▶ _TASK DETAILS_
Word for word, repeat the entries, minus the pictures.

[Dataset entries]
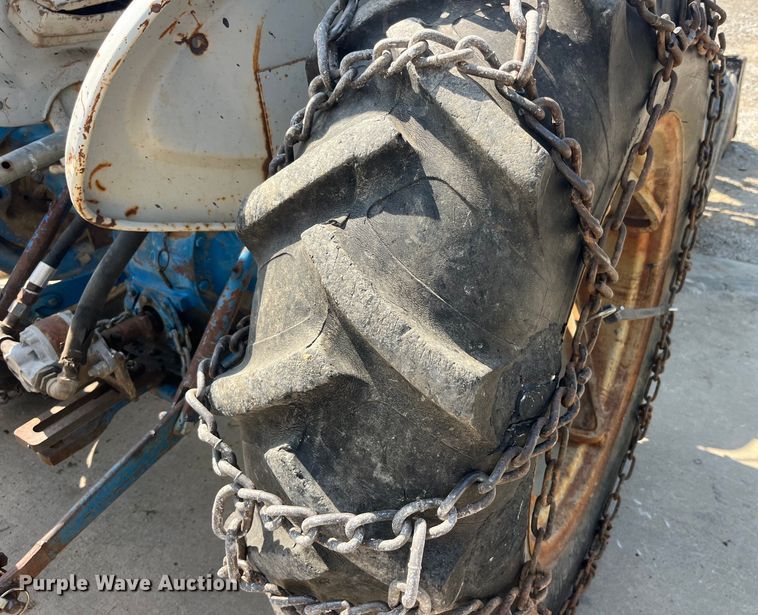 image for item EK8879 1972 Ford 3000 tractor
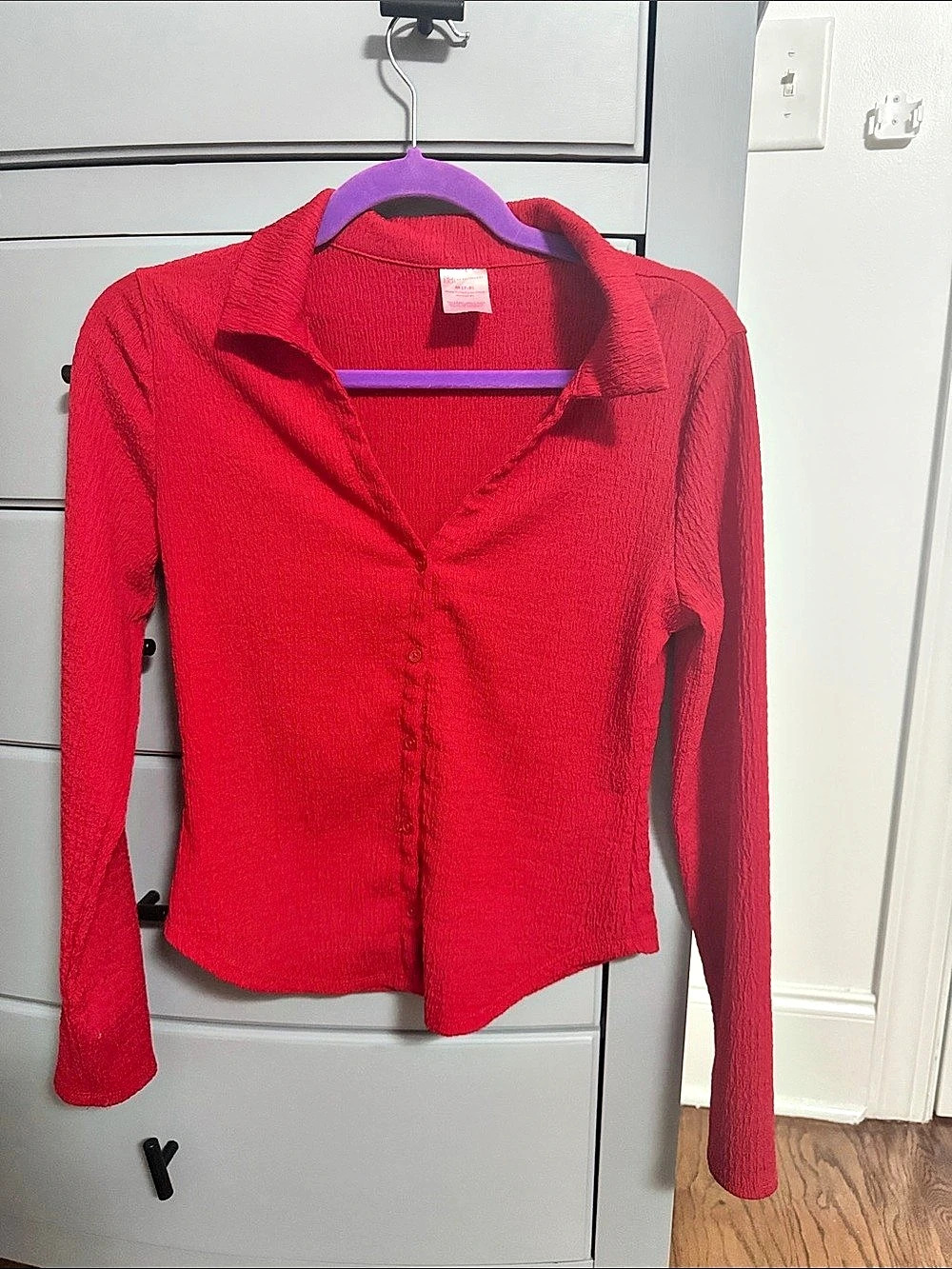 No Boundaries Long Sleeve Blouse in Red Size Medium Like New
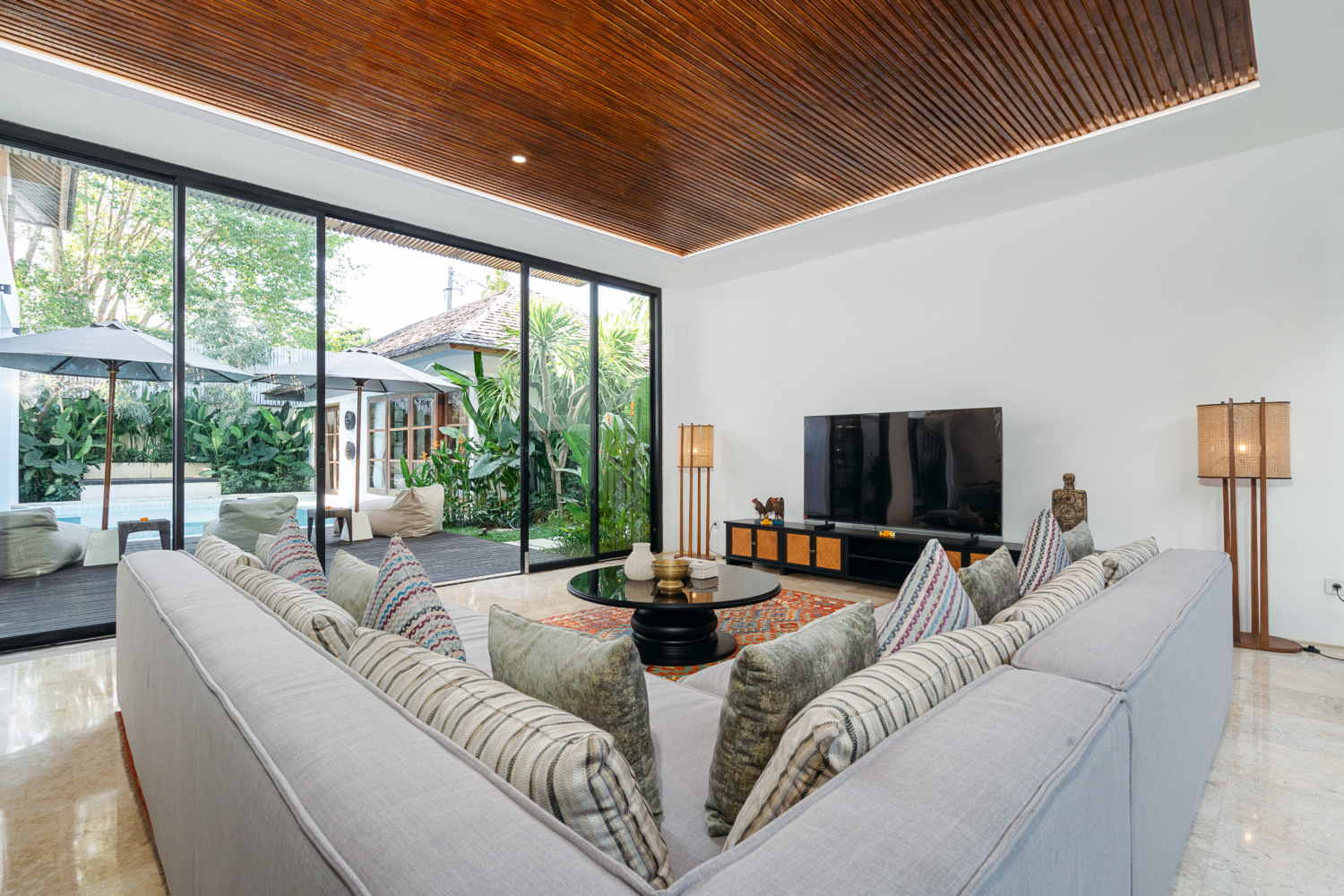 18% ROI Spacious 4-Bedroom Villa for Sale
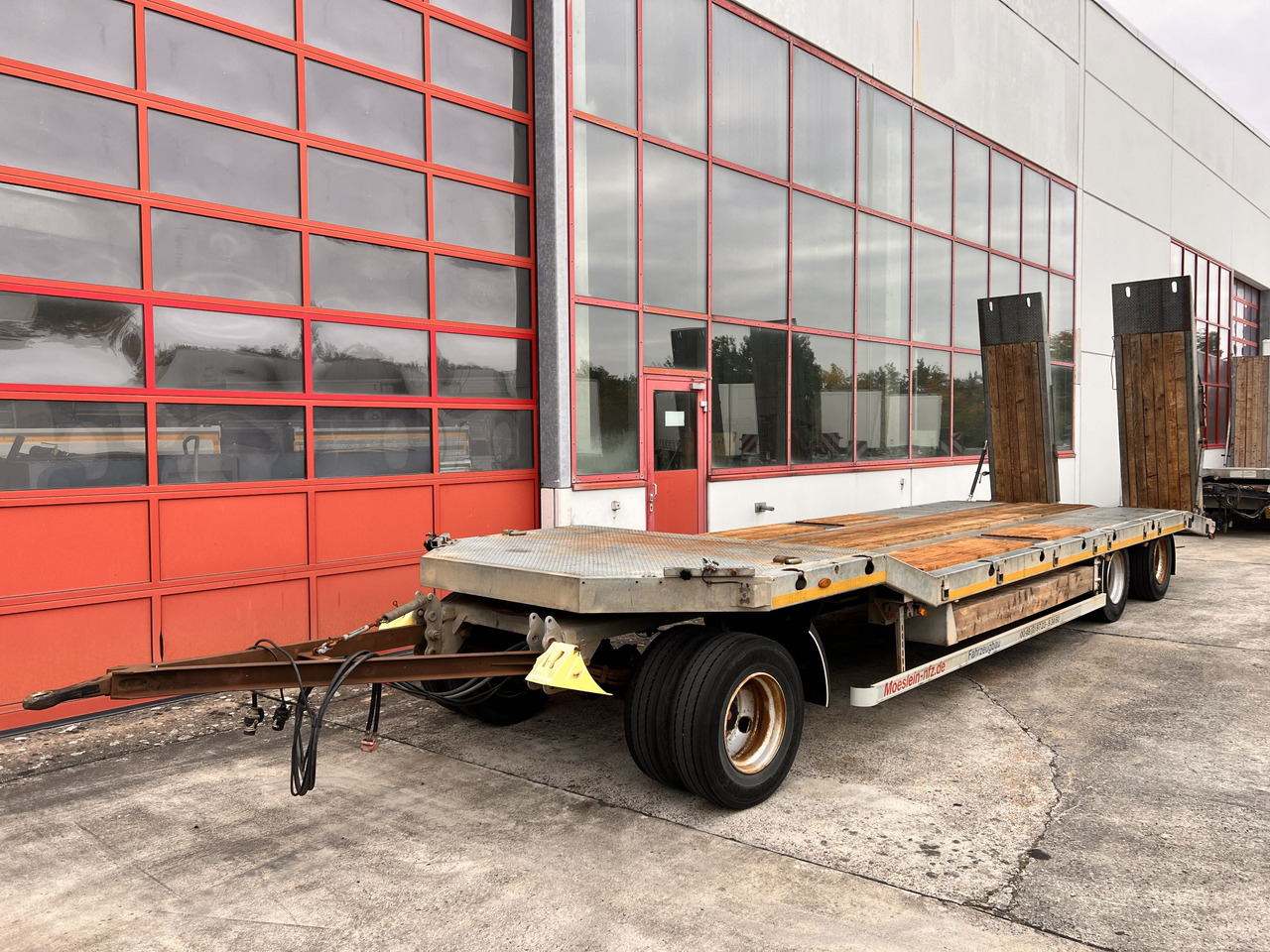 Möslein TF3 Schwebheim 3 Achs Tiefladeranhänger - Низкорамный прицеп: фото 4 Möslein TF3 Schwebheim 3 Achs Tiefladeranhänger - Низкорамный прицеп: фото 4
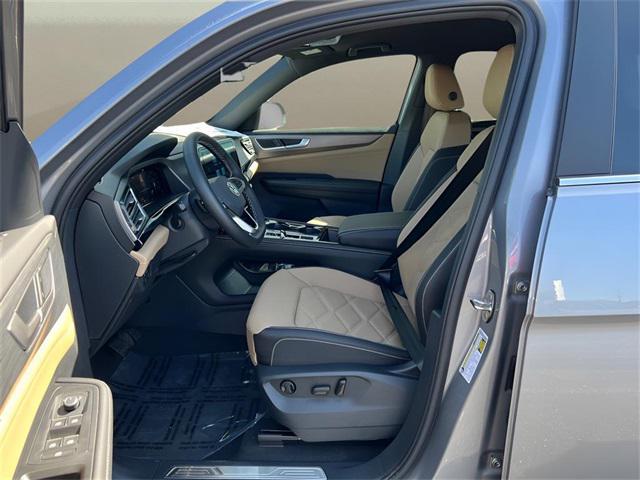 new 2025 Volkswagen Atlas Cross Sport car, priced at $39,625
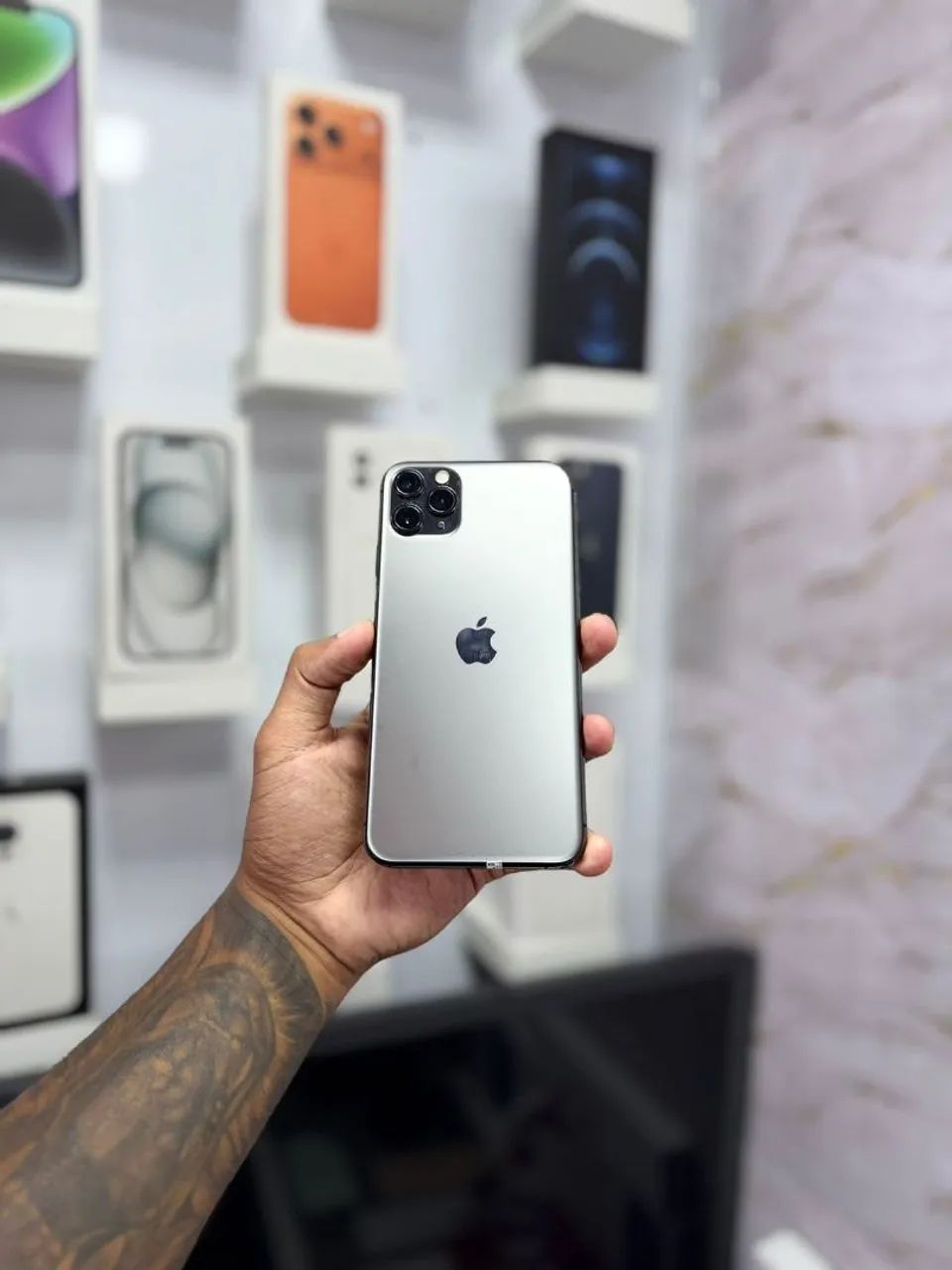IPHONE 11 PRO MAX 64GB TELA NOVA<br>R$ 1.399,00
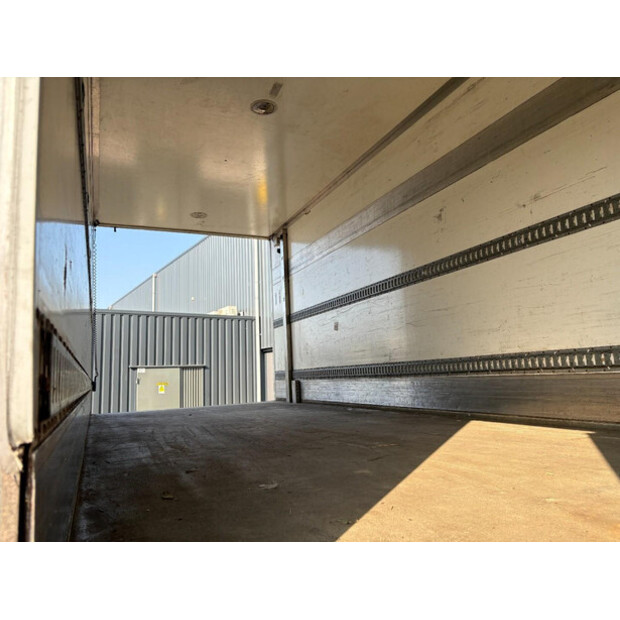 2010 Mercedes-Benz AXOR-48946744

▶ _WRITTEN RESPONSE_
 image for item EK8879 1972 Ford 3000 tractor
 No Boundaries Long Sleeve Blouse in Red Size Medium Like New
 18% ROI Spacious 4-Bedroom Villa for Sale
 Möslein TF3 Schwebheim 3 Achs Tiefladeranhänger - Низкорамный прицеп: фото 4 Möslein TF3 Schwebheim 3 Achs Tiefladeranhänger - Низкорамный прицеп: фото 4
 new 2025 Volkswagen Atlas Cross Sport car, priced at $39,625
IPHONE 11 PRO MAX 64GB TELA NOVA<br>R$ 1.399,00
 2010 Mercedes-Benz AXOR-48946744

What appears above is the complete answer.